#### WHAT TO DO
Transcribe each entry exactly, without pictures.

★ ★ ★ ★ ★ ★ ★

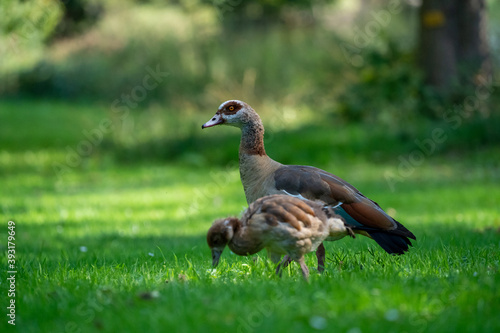 goose in the grass © LDC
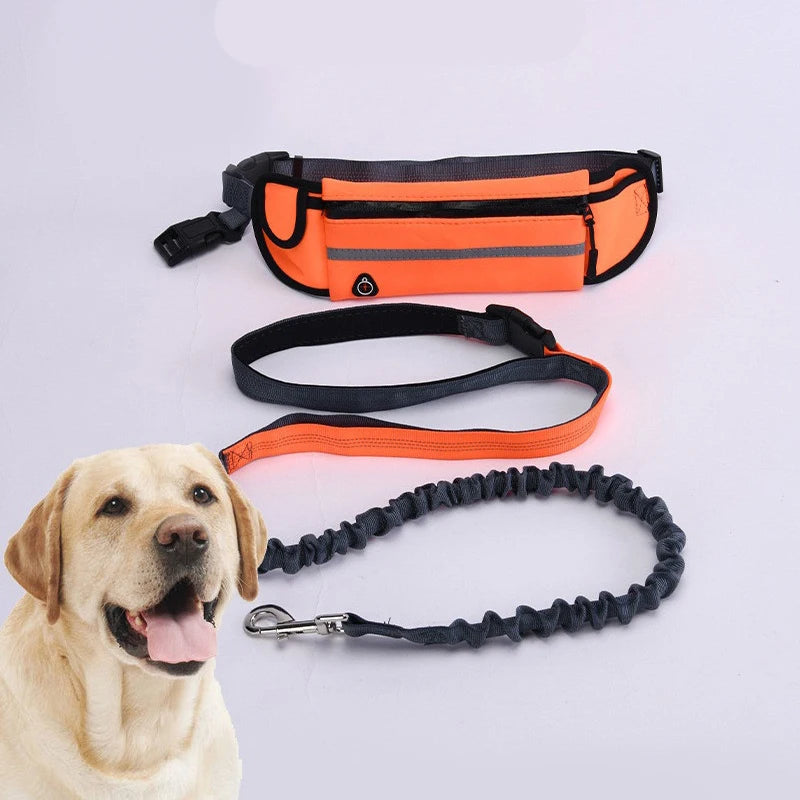Hands-Free Dog Leash with Waist Bag – Reflective, Retractable, and Perfect for Running or Walking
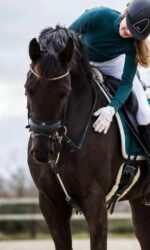 Резинка для тренінгу коня ReinRite Sport від ReinRite Equestrian - Зображення 2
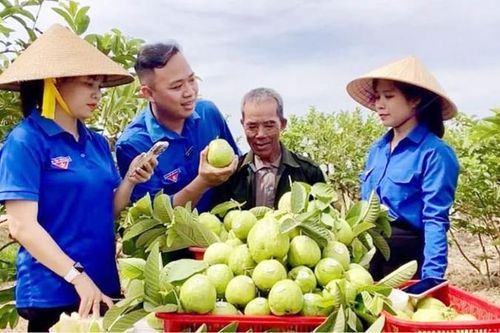 Những người lính giữa thời bình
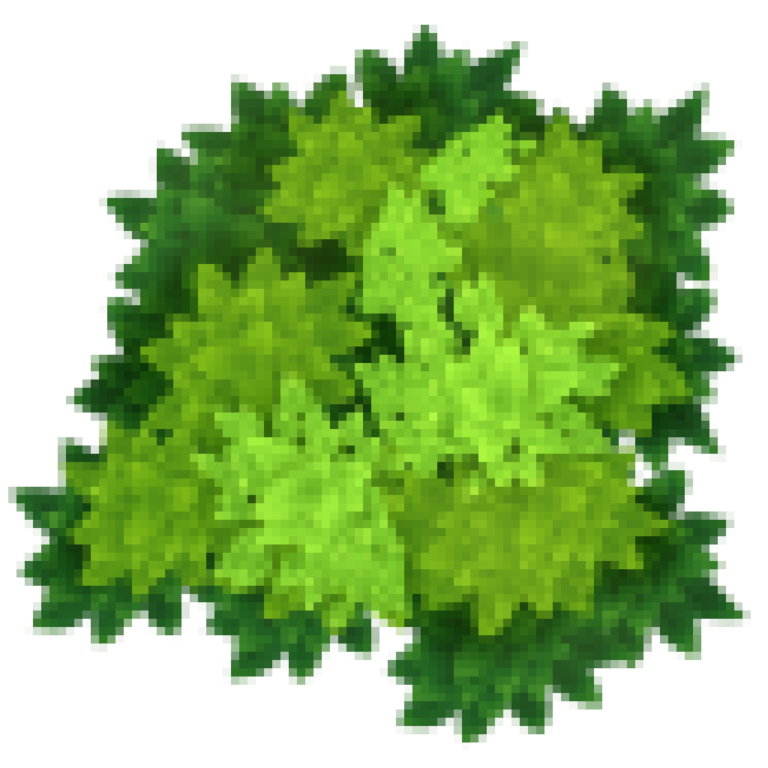 grass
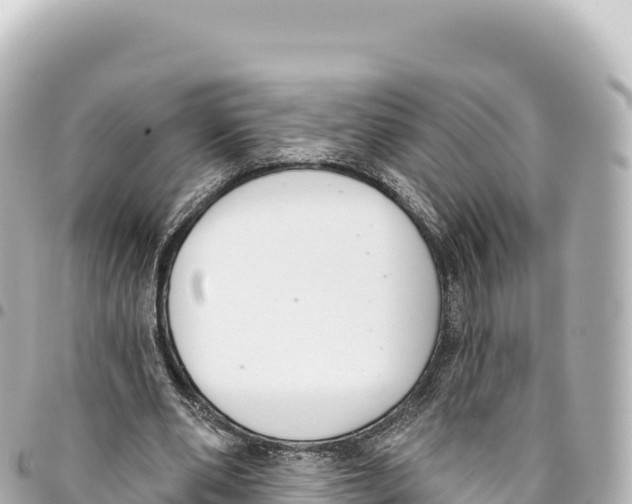 X0000093360486200711081518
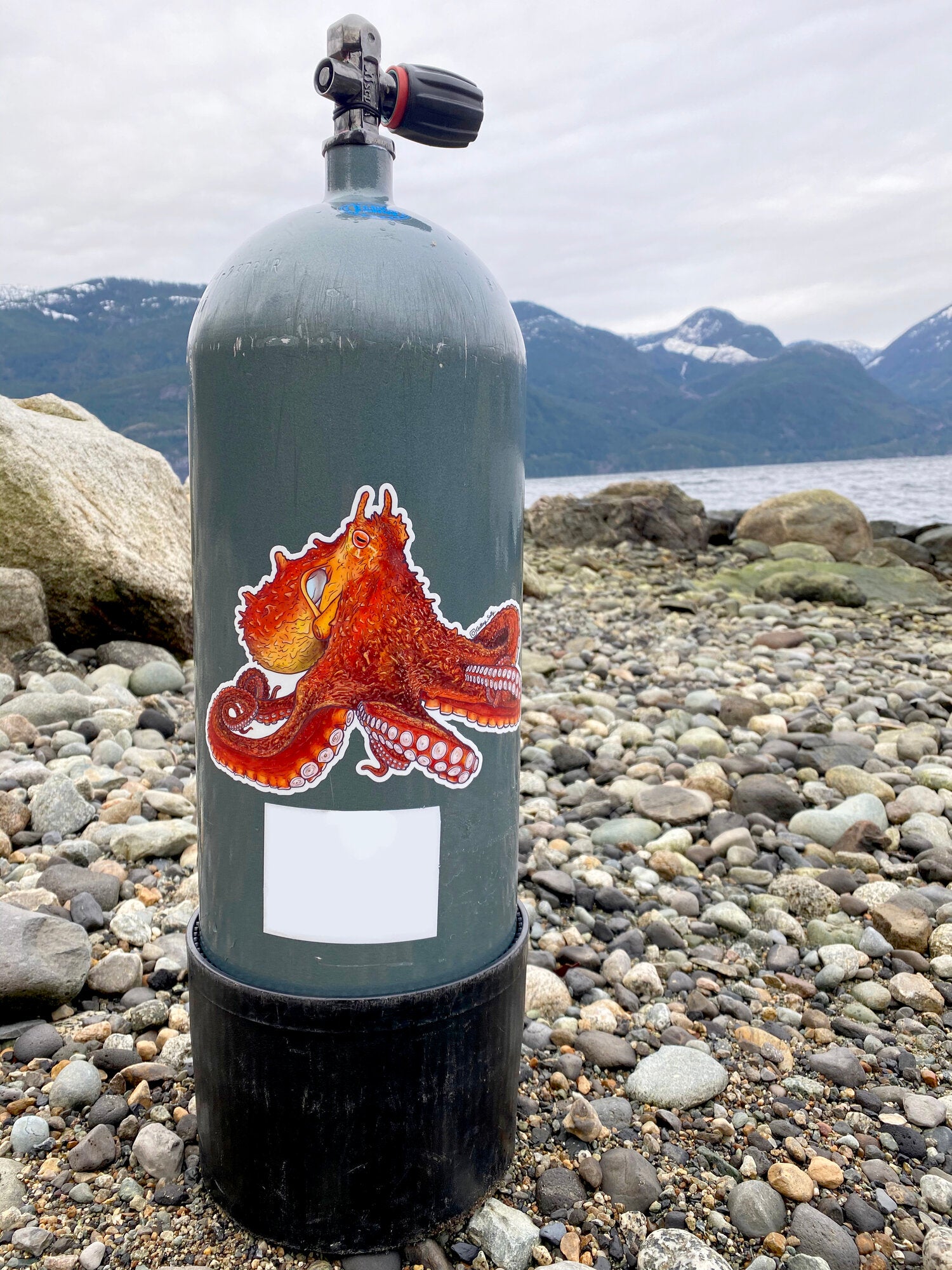 Getting Salty Giant Pacific Octopus - Tank Wrap | Diving Sports Canada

★ ★ ★ ★ ★ ★ ★

#### ANSWER FOR THIS EXERCISE
 goose in the grass © LDC
Hands-Free Dog Leash with Waist Bag – Reflective, Retractable, and Perfect for Running or Walking
 Резинка для тренінгу коня ReinRite Sport від ReinRite Equestrian - Зображення 2
 Những người lính giữa thời bình
 grass
 X0000093360486200711081518
 Getting Salty Giant Pacific Octopus - Tank Wrap | Diving Sports Canada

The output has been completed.